**The task:** When you write out the listing, keep every character and omit the pictures.

**Supplied records:**
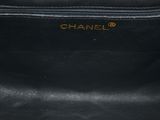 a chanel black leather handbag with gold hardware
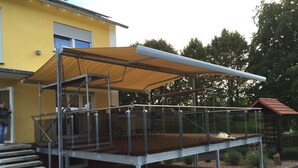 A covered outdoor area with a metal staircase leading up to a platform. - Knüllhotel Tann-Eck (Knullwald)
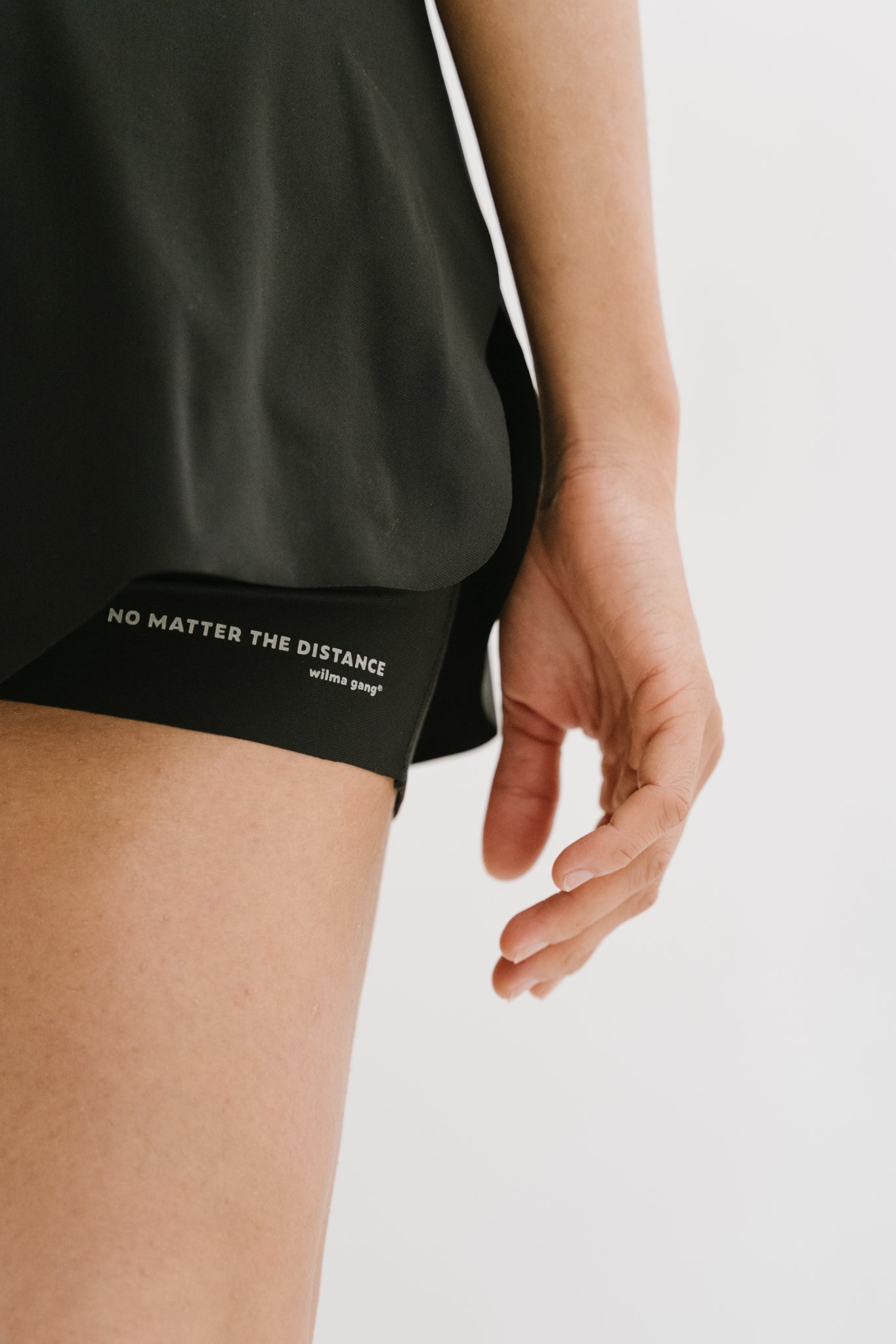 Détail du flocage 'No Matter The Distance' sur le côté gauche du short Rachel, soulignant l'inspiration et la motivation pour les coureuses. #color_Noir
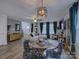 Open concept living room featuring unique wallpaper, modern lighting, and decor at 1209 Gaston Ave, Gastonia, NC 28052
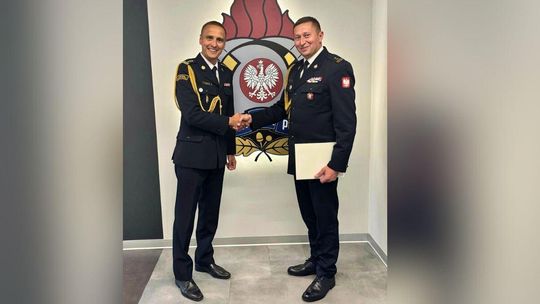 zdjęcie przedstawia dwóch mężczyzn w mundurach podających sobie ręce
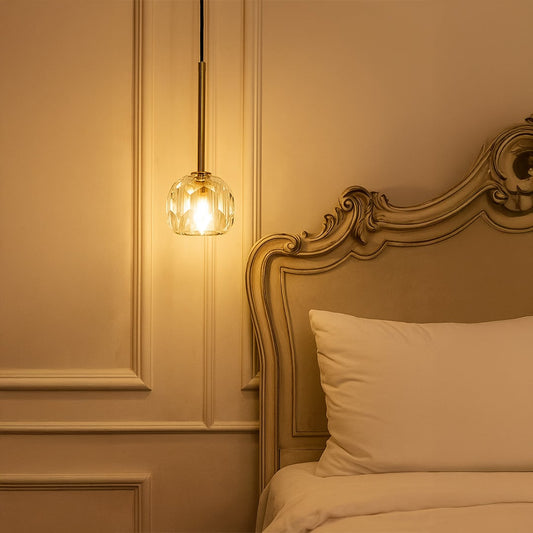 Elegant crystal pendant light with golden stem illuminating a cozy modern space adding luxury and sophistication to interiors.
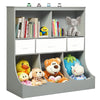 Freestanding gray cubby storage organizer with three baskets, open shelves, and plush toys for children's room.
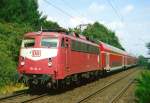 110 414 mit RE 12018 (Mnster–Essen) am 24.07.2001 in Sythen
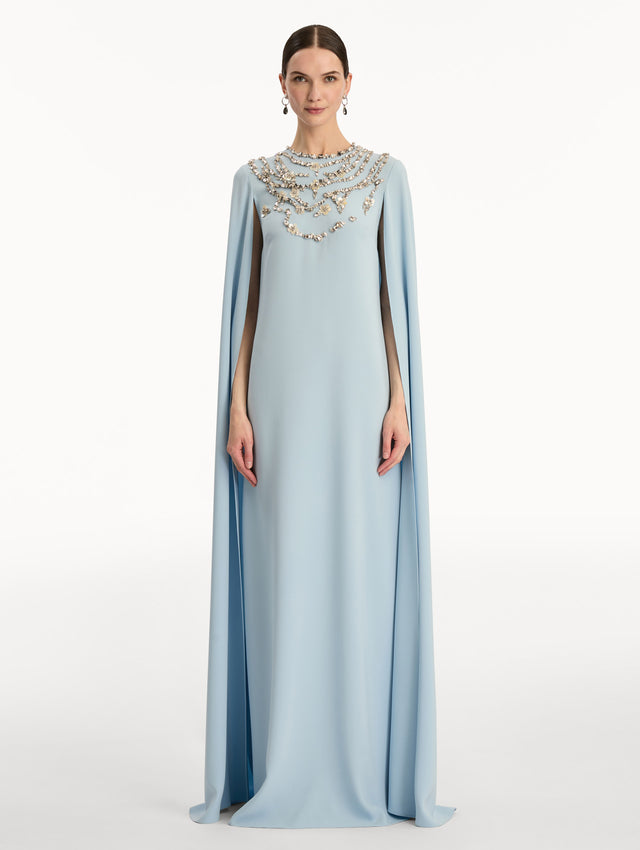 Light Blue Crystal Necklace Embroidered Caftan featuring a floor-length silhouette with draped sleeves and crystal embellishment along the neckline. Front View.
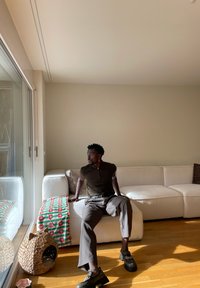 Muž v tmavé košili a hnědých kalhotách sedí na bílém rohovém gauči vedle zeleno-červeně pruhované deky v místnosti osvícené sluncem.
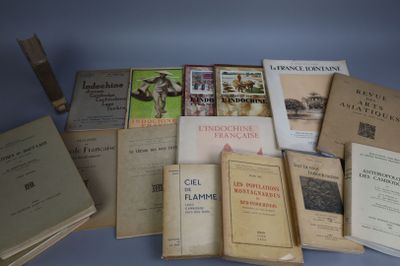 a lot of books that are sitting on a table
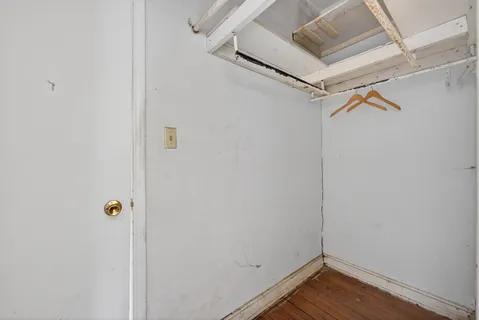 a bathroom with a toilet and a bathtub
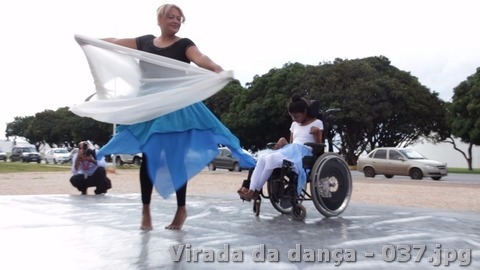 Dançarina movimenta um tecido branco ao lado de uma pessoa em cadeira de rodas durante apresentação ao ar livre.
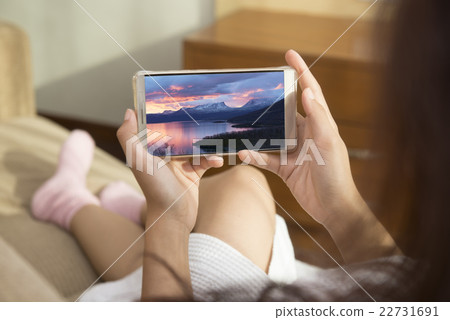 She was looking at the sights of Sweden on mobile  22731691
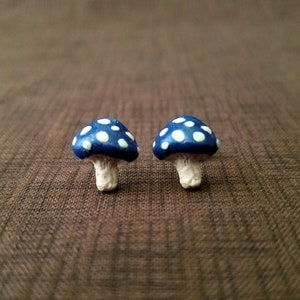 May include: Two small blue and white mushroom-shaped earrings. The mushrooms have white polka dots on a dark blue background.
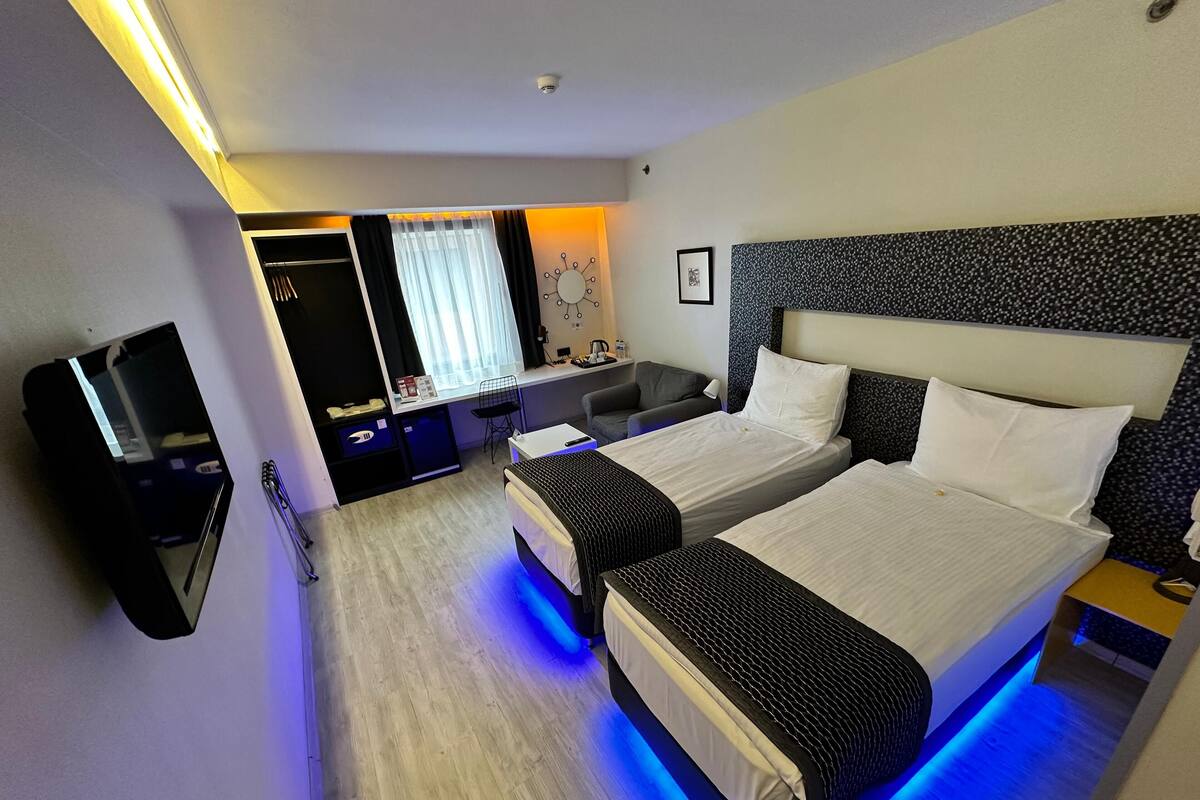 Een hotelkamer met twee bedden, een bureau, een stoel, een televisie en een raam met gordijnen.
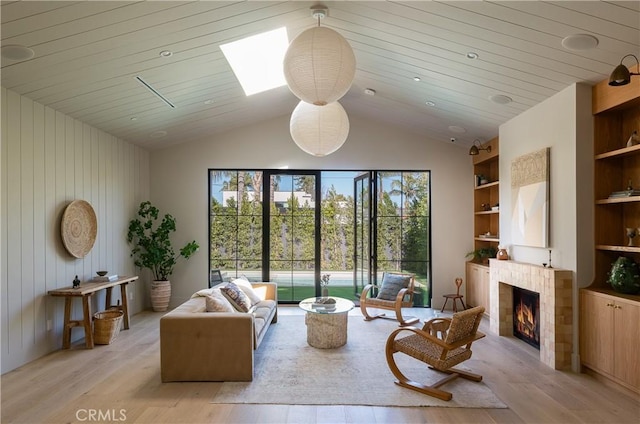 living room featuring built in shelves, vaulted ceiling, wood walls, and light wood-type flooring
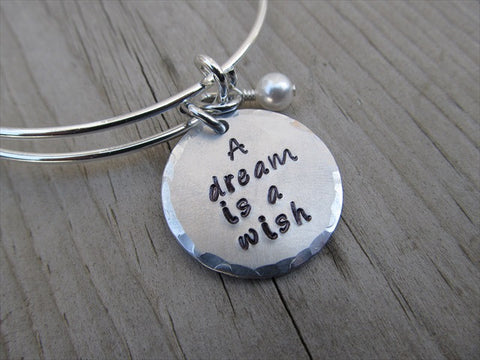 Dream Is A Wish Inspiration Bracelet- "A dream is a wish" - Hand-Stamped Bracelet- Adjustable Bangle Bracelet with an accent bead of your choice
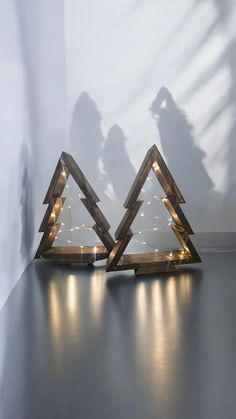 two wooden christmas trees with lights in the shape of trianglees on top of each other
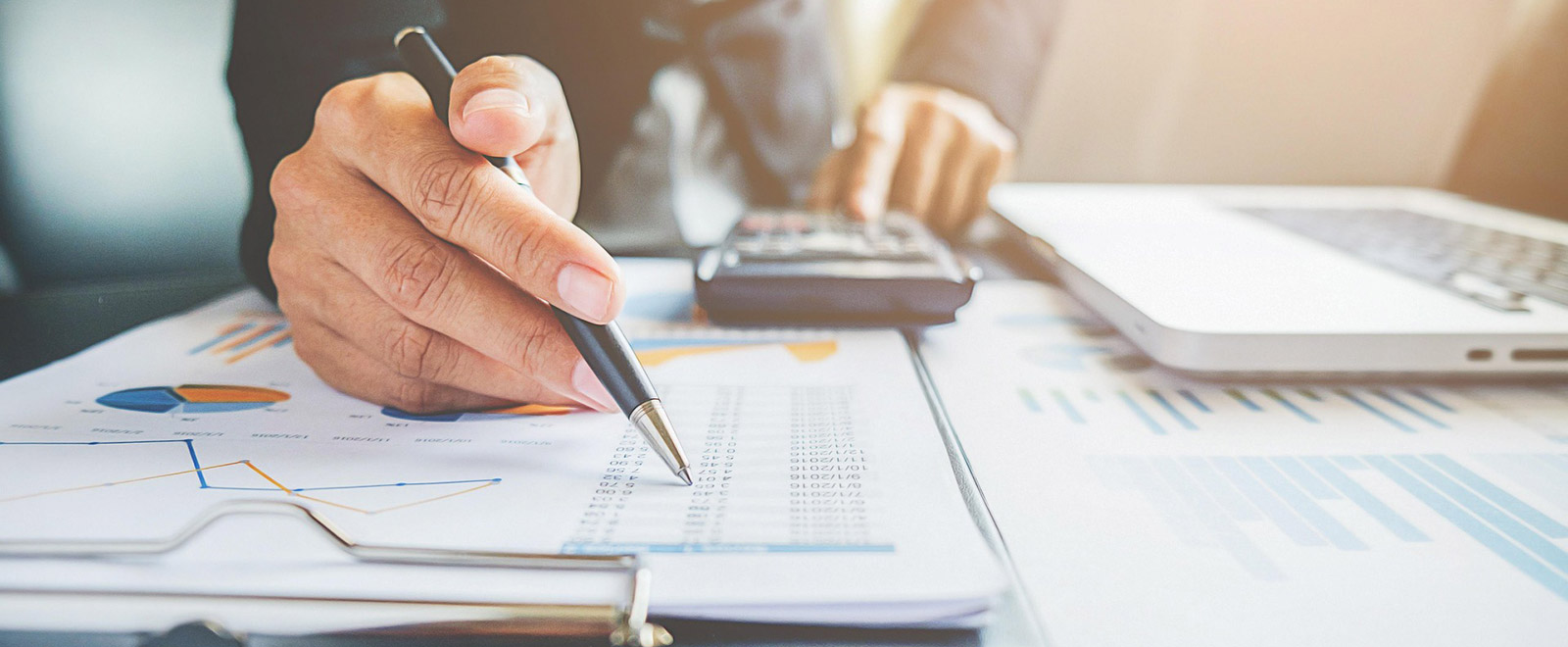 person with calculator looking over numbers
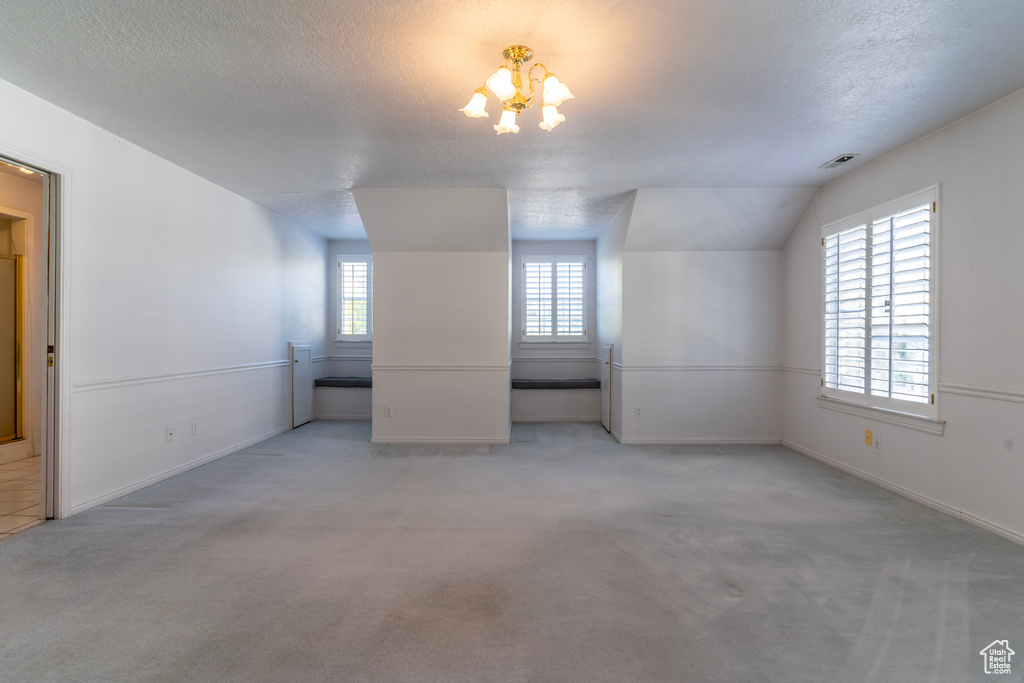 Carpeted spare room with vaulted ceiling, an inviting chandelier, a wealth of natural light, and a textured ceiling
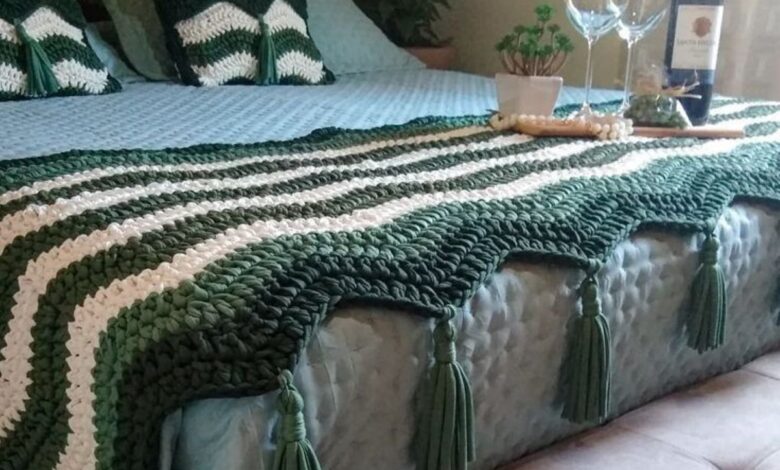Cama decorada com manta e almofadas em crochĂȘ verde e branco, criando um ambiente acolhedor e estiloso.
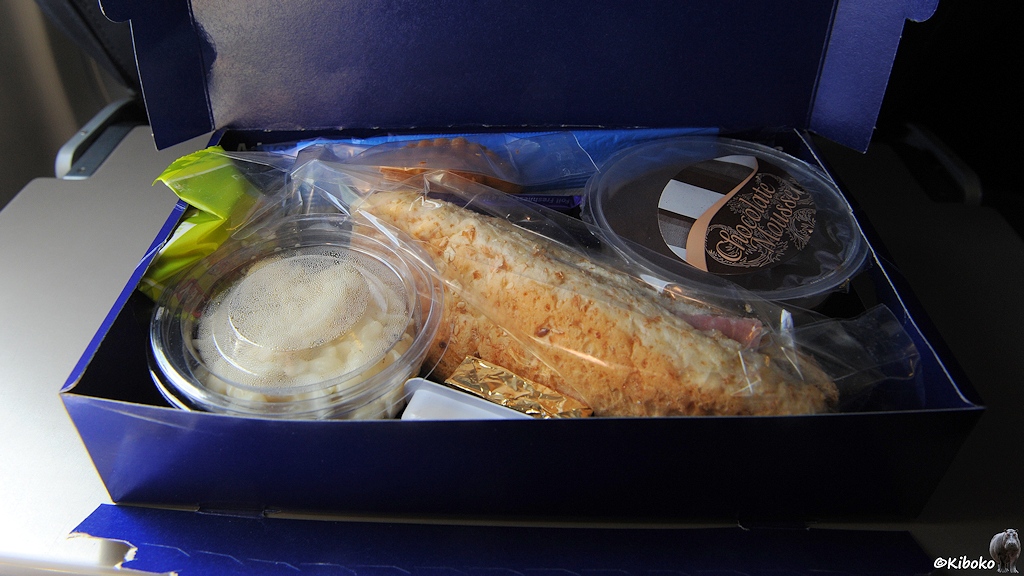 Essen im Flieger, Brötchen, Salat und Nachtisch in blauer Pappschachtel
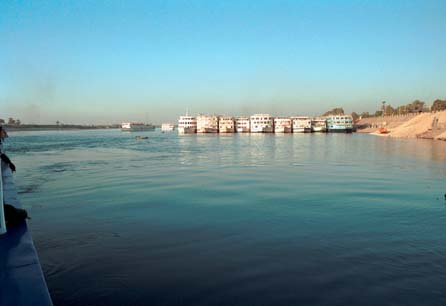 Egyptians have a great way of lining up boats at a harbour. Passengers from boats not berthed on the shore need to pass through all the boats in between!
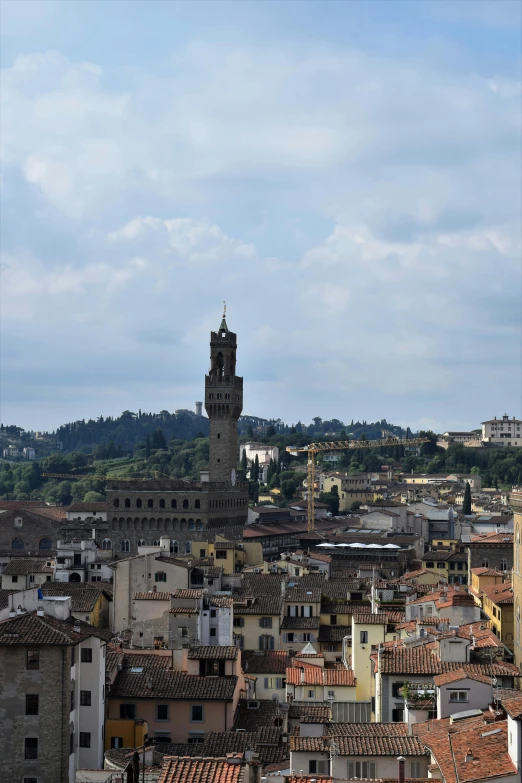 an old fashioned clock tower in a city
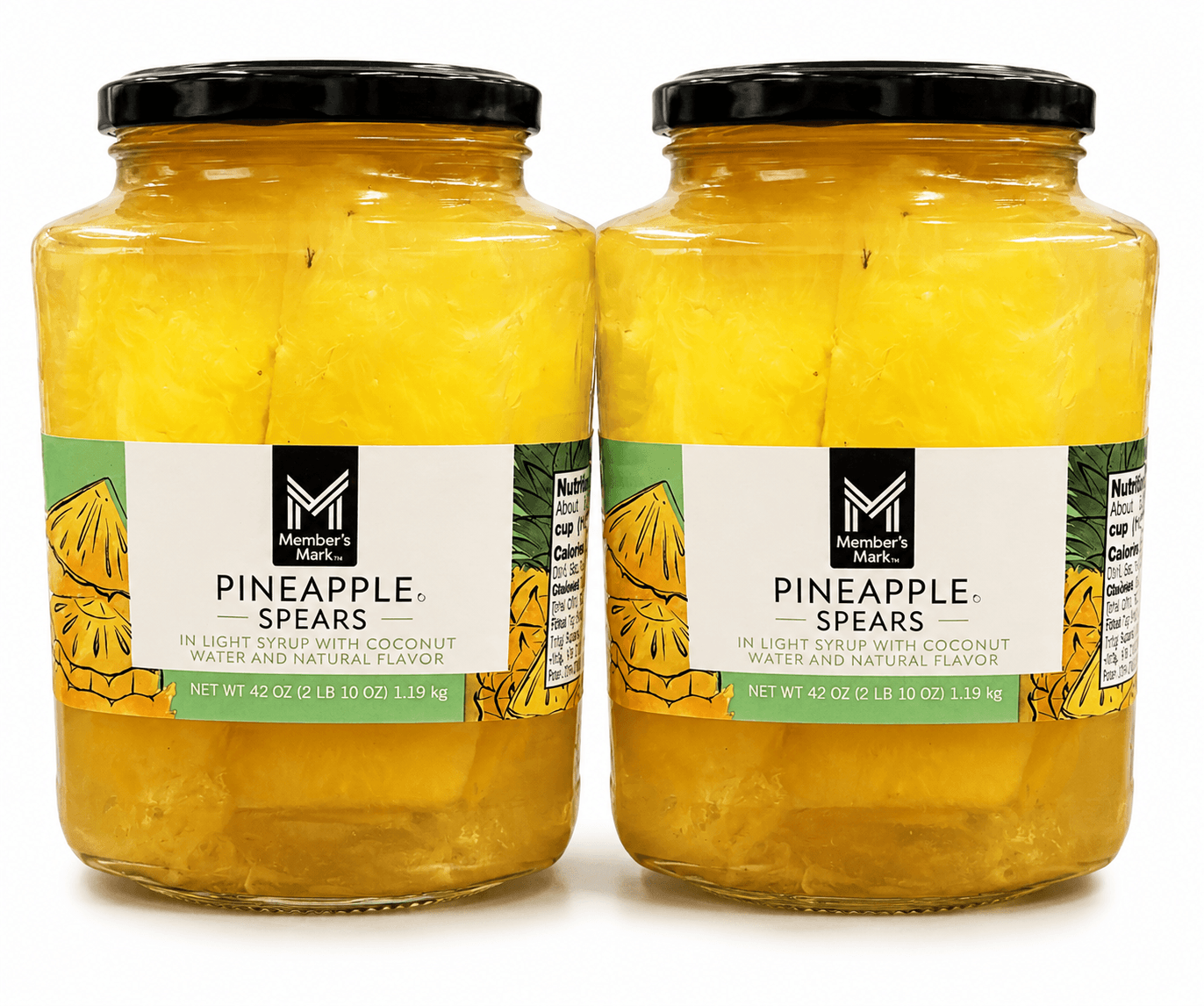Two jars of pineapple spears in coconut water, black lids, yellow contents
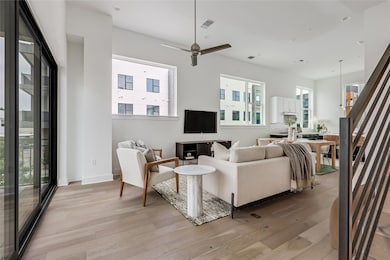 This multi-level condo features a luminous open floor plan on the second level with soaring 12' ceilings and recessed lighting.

**Completed exercise:**
 a chanel black leather handbag with gold hardware
 A covered outdoor area with a metal staircase leading up to a platform. - Knüllhotel Tann-Eck (Knullwald)
 Détail du flocage 'No Matter The Distance' sur le côté gauche du short Rachel, soulignant l'inspiration et la motivation pour les coureuses. #color_Noir
 Open concept living room featuring unique wallpaper, modern lighting, and decor at 1209 Gaston Ave, Gastonia, NC 28052
 zdjęcie przedstawia dwóch mężczyzn w mundurach podających sobie ręce
 Elegant crystal pendant light with golden stem illuminating a cozy modern space adding luxury and sophistication to interiors.
 Freestanding gray cubby storage organizer with three baskets, open shelves, and plush toys for children's room.
 110 414 mit RE 12018 (Mnster–Essen) am 24.07.2001 in Sythen
 Light Blue Crystal Necklace Embroidered Caftan featuring a floor-length silhouette with draped sleeves and crystal embellishment along the neckline. Front View.
 Muž v tmavé košili a hnědých kalhotách sedí na bílém rohovém gauči vedle zeleno-červeně pruhované deky v místnosti osvícené sluncem.
 a lot of books that are sitting on a table
 a bathroom with a toilet and a bathtub
 Dançarina movimenta um tecido branco ao lado de uma pessoa em cadeira de rodas durante apresentação ao ar livre.
 She was looking at the sights of Sweden on mobile  22731691
 May include: Two small blue and white mushroom-shaped earrings. The mushrooms have white polka dots on a dark blue background.
 Een hotelkamer met twee bedden, een bureau, een stoel, een televisie en een raam met gordijnen.
 living room featuring built in shelves, vaulted ceiling, wood walls, and light wood-type flooring
 Dream Is A Wish Inspiration Bracelet- "A dream is a wish" - Hand-Stamped Bracelet- Adjustable Bangle Bracelet with an accent bead of your choice
 two wooden christmas trees with lights in the shape of trianglees on top of each other
 person with calculator looking over numbers
 Carpeted spare room with vaulted ceiling, an inviting chandelier, a wealth of natural light, and a textured ceiling
Cama decorada com manta e almofadas em crochĂȘ verde e branco, criando um ambiente acolhedor e estiloso.
 Essen im Flieger, Brötchen, Salat und Nachtisch in blauer Pappschachtel
 Egyptians have a great way of lining up boats at a harbour. Passengers from boats not berthed on the shore need to pass through all the boats in between!
 an old fashioned clock tower in a city
Two jars of pineapple spears in coconut water, black lids, yellow contents
 This multi-level condo features a luminous open floor plan on the second level with soaring 12' ceilings and recessed lighting.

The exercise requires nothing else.